Boston — What will you give your child this Christmas? Imagine her, um, surprise when she finds a mutual-fund certificate tucked into her Christmas stocking among the barrettes, Barbie clothes, and fruit.
As you explain that she could buy a hundred Cabbage Patch dolls with the money her fund could yield someday - if she still wants them - your child may begin to show some enthusiasm for the colorless bits of paper.
And the day you turn to the stock quotes in the newspaper and suggest to her, ''Let's see how your mutual fund is doing today,'' she may begin to understand simple investment principles through her own experience.
Gifts of mutual funds to your child, niece, nephew, or grandchild have several advantages over gifts of individual stocks, fund executives point out. Even a small amount invested in mutual funds will provide a child with a diversified portfolio, says Ronald T. Schroeder, president of New York-based J. & W. Seligman & Co. Your investment is spread over a wide variety of securities - and so is the risk.
And although mutual funds spread the risk, they also allow an investor to choose the desired level of risk, to zero in on the investment objective. Generally, the longer the period of investment, the more risk is acceptable, as higher-risk investments tend to yield higher returns than safer investments over the long term. ''One thing a child has,'' says Reg Green, of the Washington-based Mutal Fund News Service, ''is time on his side.''
Yields of a high-risk ''capital appreciation'' fund can swing markedly up and down each year with the market. There is the possibility of losing or gaining a lot in any given year. For instance, the yield on Seligman's long-term fund was minus 19 percent in the year ending Sept. 30.
A baby or small child has the time for the gains to overbalance the losses for a greater net gain: Over the last 10 years, Seligman's capital appreciation fund has yielded 621 percent, compared with a Standard & Poor's 500 yield of 326 percent for the same period. The Seligman figure assumes reinvestment of capital gains and dividends, less all sales charges.
For the 16-year-old who needs his money in a few years for college, Mr. Schroeder suggests the common stock (middle risk) fund, which yields both growth and income, or the safer money market fund, which yields only income.
Many funds, such as those listed above, are of part of a ''family of funds,'' which permit one to switch the child's assets fairly easily from a capital appreciation growth fund (higher risk) to a cash management income fund (lower risk) within the group.
For their capital appreciation growth fund, Seligman seeks out stocks of small, rapidly growing companies or of established companies making significant progress. The lower-risk cash management income fund invests in CDs, commercial paper, or government securities.
Catherine Taylor, an attorney in the tax department at Minneapolis-based IDS/American Express, suggests giving a child income-yielding mutual funds instead of an allowance. ''Then when the (monthly) check comes, that's their money.'' She notes that the monthly allowance can help kids learn how to budget.
And that ''allowance'' will be coming out of funds that are taxed at the child's lower tax rate.

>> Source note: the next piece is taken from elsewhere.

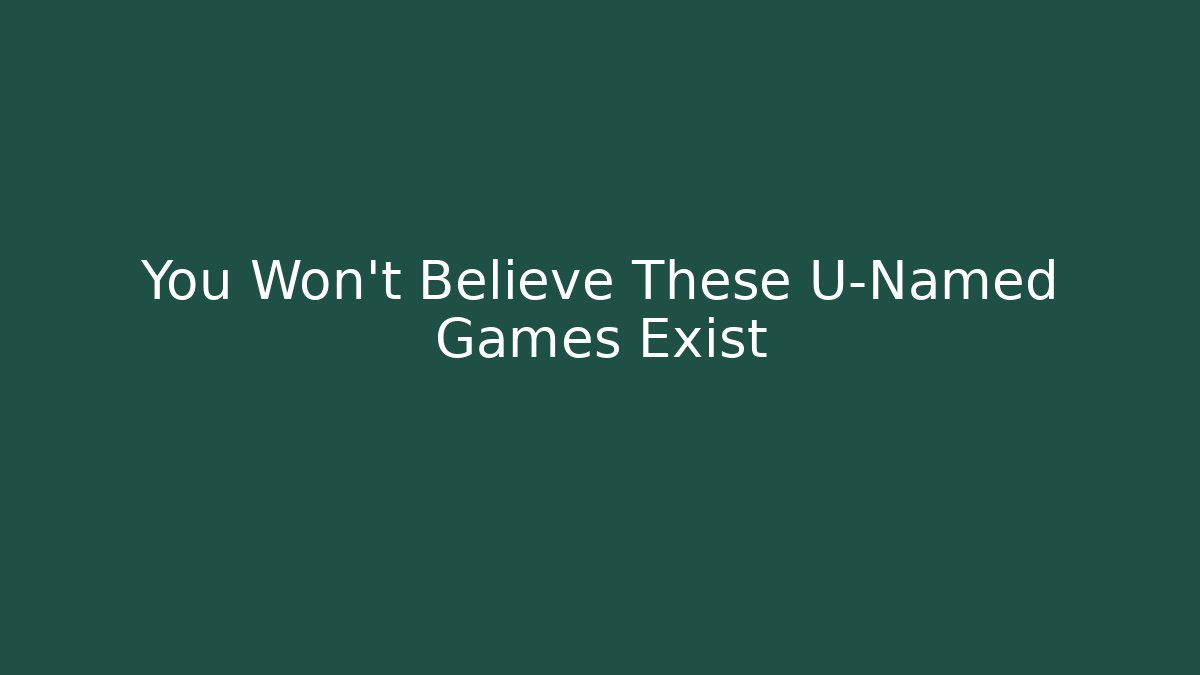 You Won't Believe These U-Named Games Exist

As with any other income-yielding gift, mutual funds can be used to transfer income from your higher rate, saving up to 50 percent in taxes on income that would ordinarily be given to a child or used for his expenses.
For example, if you gave $2,000 annually to a child who had no other income, and he received a 10 percent yield on the investment, at the end of 10 years he would have $35,062. If you yourself had kept and invested these funds (assuming a 30 percent tax bracket), your after-tax total would have been $29,567, more than a $5,000 difference.
So maybe she didn't get a Cabbage Patch Kid this year, but your gift of mutual fund shares will be providing for her future long after the doll is forgotten.